Rivera believes that Newton throws one of the best deep balls in the game and that needs to be a point of emphasis.
"We do have the throw the ball a little more, so we are going to continue to work on that to get that balance back," Rivera said.
Shula previously spent four seasons (1996-99) as an offensive coordinator with Tampa Bay Buccaneers and developed a reputation for being too conservative.
During that four-year span the Bucs were 29th in total offense, 27th in points scored and last in the league in passing, according to STATS INC. They never finished better than 22nd in total offense in any of those four seasons.
Still, Shula seems to have the support of his players.
Newton was quick to defend his new coordinator after Sunday's loss, saying Shula did an "unbelievable job" of calling plays.

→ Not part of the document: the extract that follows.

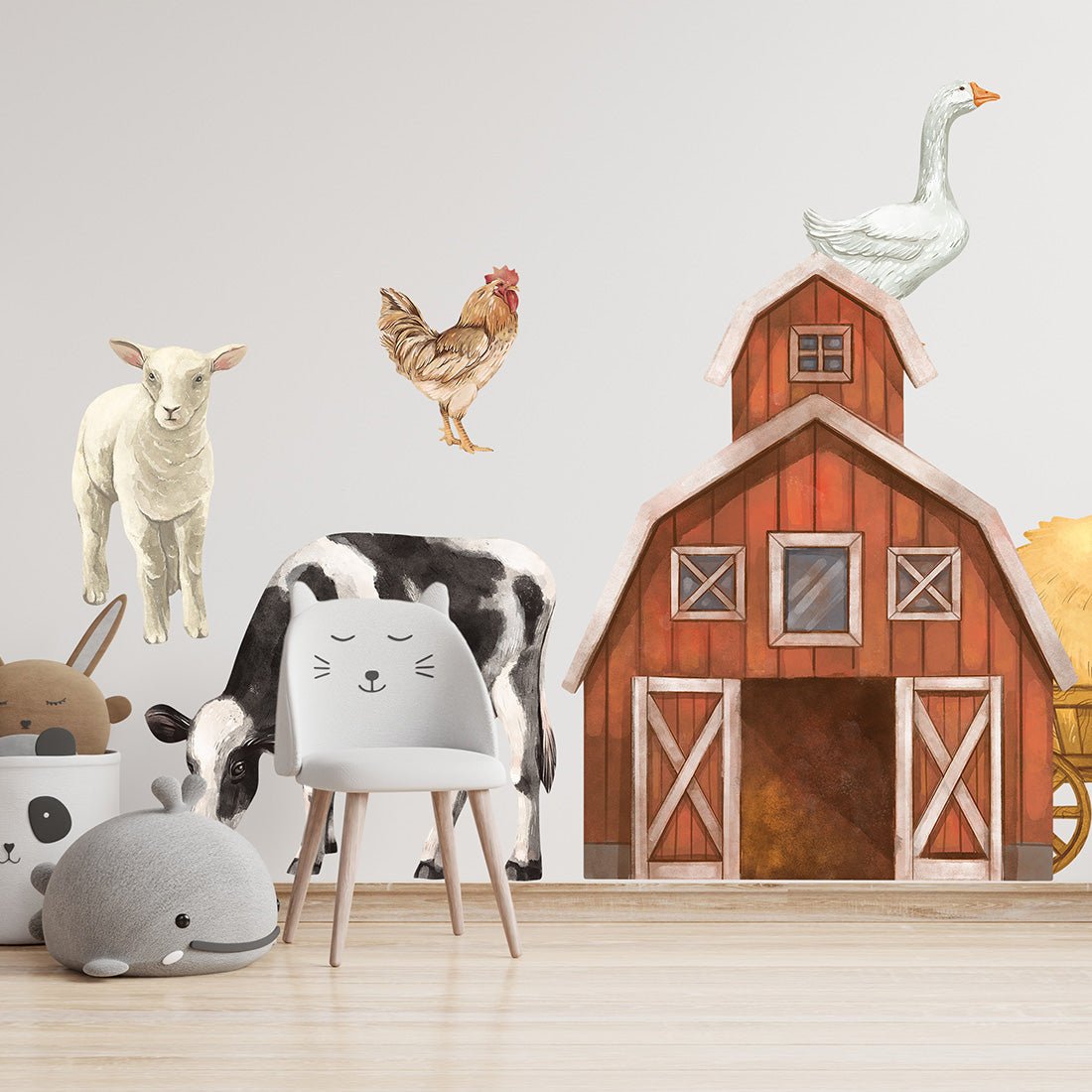 Farm Animals II, Wall Stickers - Le Petit Marché Home Furniture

"We had a game plan going into this game and I believe that we stuck to it," Newton said. "We just have to make it through our mistakes, come back and watch this film and get better like that. We did some things that were very exciting, but as an offense and as a team we just have to be more thorough to a degree and finish drives."

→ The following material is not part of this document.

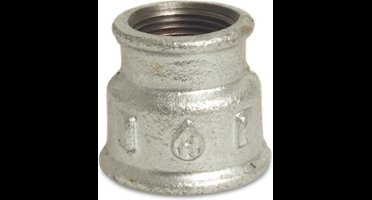 Verloopsok Gietijzer Mega Verzinkt 3/4" X 1/2" Binnendraad Nr. 240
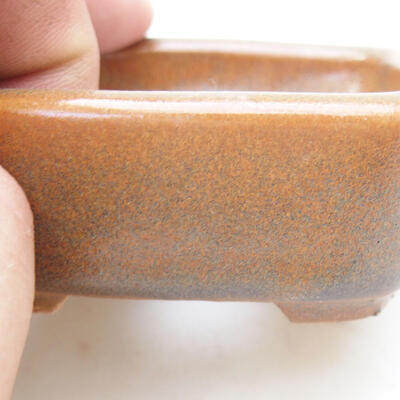 Ceramic bonsai bowl 8 x 7 x 3.5 cm, color brown - 2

Several Panthers, including wide receiver Steve Smith, have been critical this offseason of former offensive coordinator Rob Chudzinski, who left to become the head coach of the Cleveland Browns.
Smith said last week Chudzinski was out to attract attention as a potential head coach and his play calling affected the team.

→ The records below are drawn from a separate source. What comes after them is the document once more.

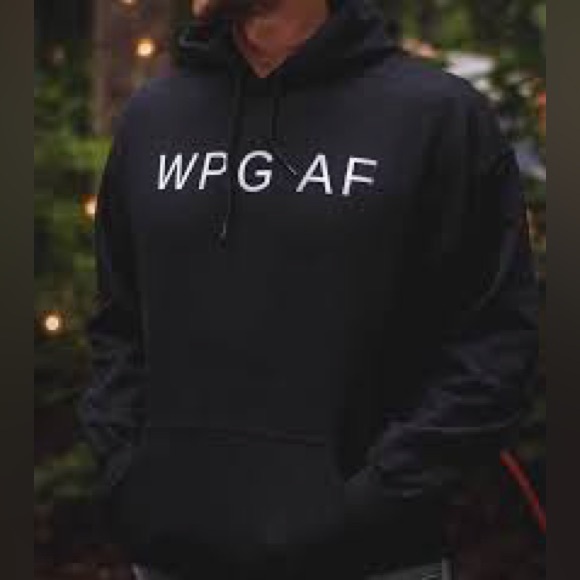 WPG AF Crewneck Black Sweatshirt - Picture 2 of 7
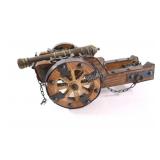 Showpiece Decorative Wood & Metal 15" Canon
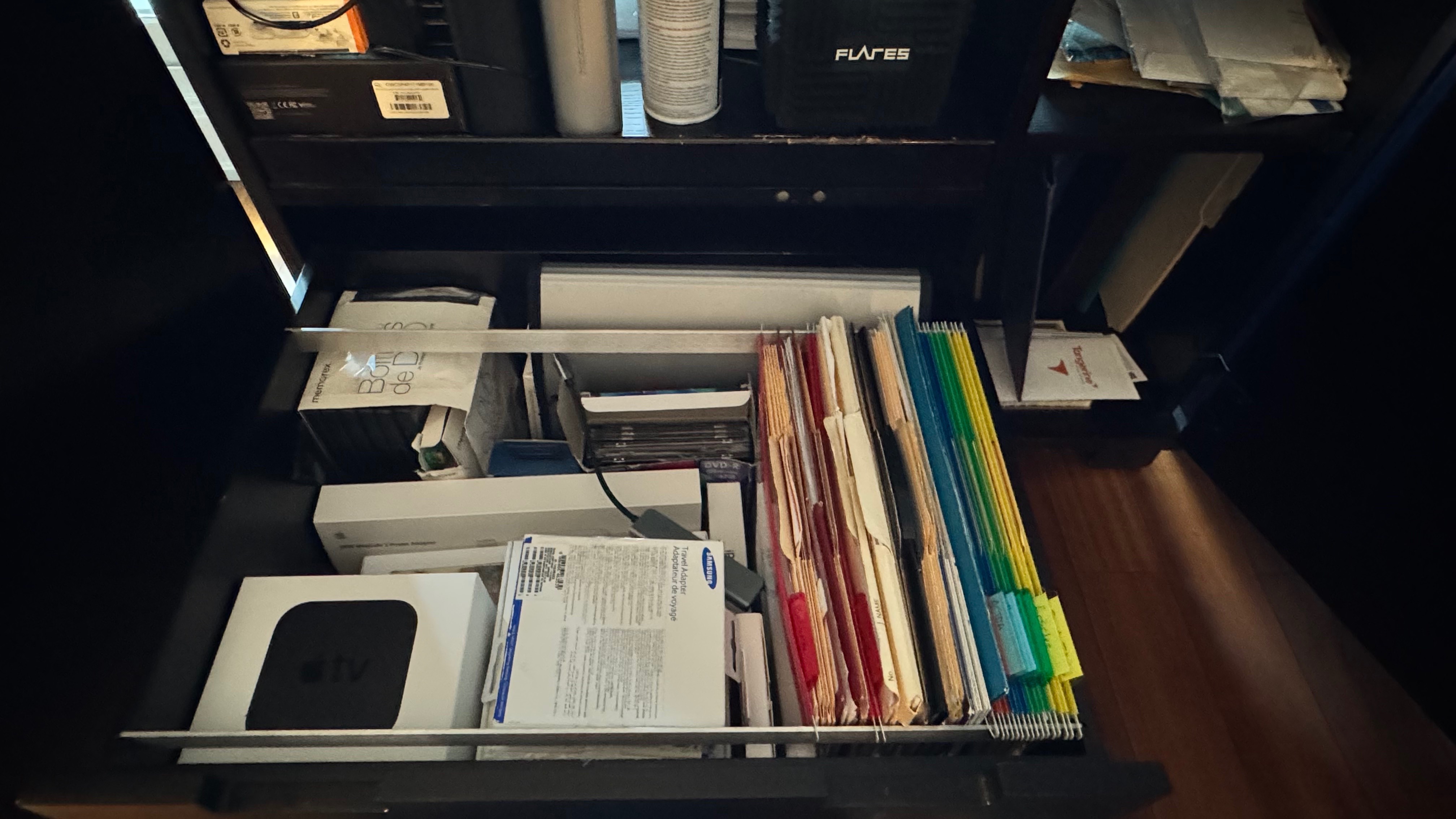 Crate & Barrel Compact Desk & Refurbished Filing Cabinet - photo 3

Smith said things will get better, predicting the Panthers will see the Seahawks in January come playoff time.
"I think outside of the loss there are some things that are very positive in the offense," said Smith, who accounted for Carolina's only touchdown on Sunday. "We were playing against a pretty good defense. I think we take away some obvious things, and we're possibly looking at a different ball game."
This might be a good week for the Panthers to turn things around.
The Bills allowed 288 yards passing and two touchdown passes in a 23-21 loss to the New England Patriots.
"Offensively, we have to score more than seven points, that's what it all comes down to," said offensive tackle Jordan Gross. "We were driving there at the end to get ourselves in scoring position and we've just got to be able to finish those drives. It's frustrating because obviously we were in the game and that's a good team — and you just hate to lose that one."